### Your instructions
Each line from the one holding "1214 Crest Ln, Rochelle, IL 61068" to the last line below must be restated word for word, and no picture may be included.
Segment Start: Dataset excerpt
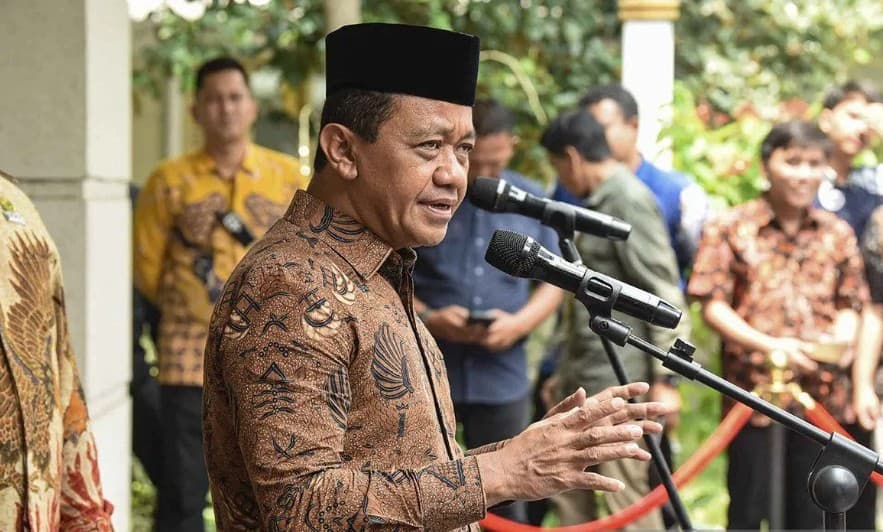 Bahlil Perintahkan Pertamina Gandakan Kapal Pengangkut BBM ke Jawa Timur dan Bali, Ombudsman Temukan Gangguan di 11 Provinsi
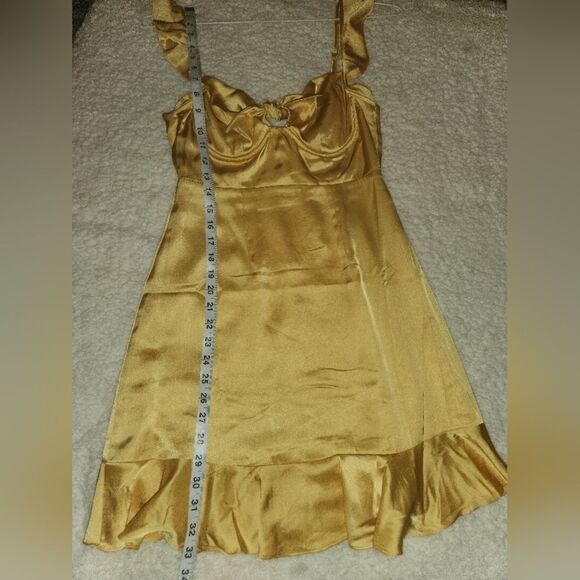 ASTR THE LABEL Marla Mini Dress silky Satin yellow Princess Belle Nwt Sz Small - Picture 13 of 14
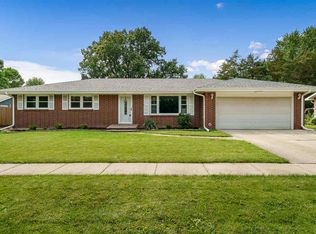 1214 Crest Ln, Rochelle, IL 61068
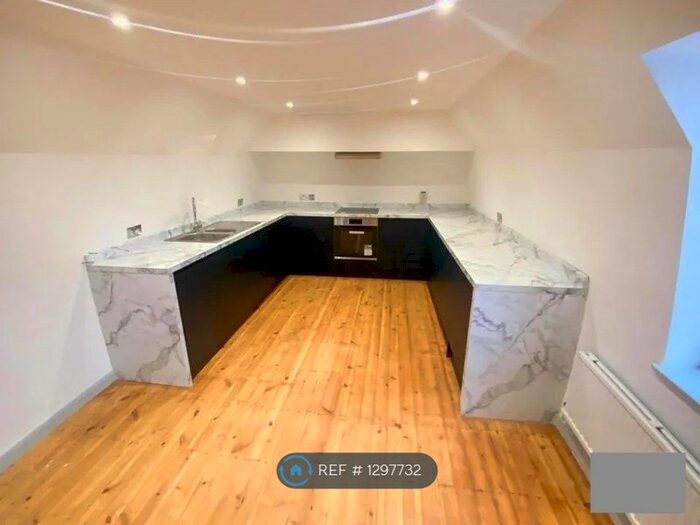 3 Bedroom Maisonette To Rent In Bonhay Road, Exeter EX4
Segment End: Dataset excerpt
### Result for this task
 1214 Crest Ln, Rochelle, IL 61068
 3 Bedroom Maisonette To Rent In Bonhay Road, Exeter EX4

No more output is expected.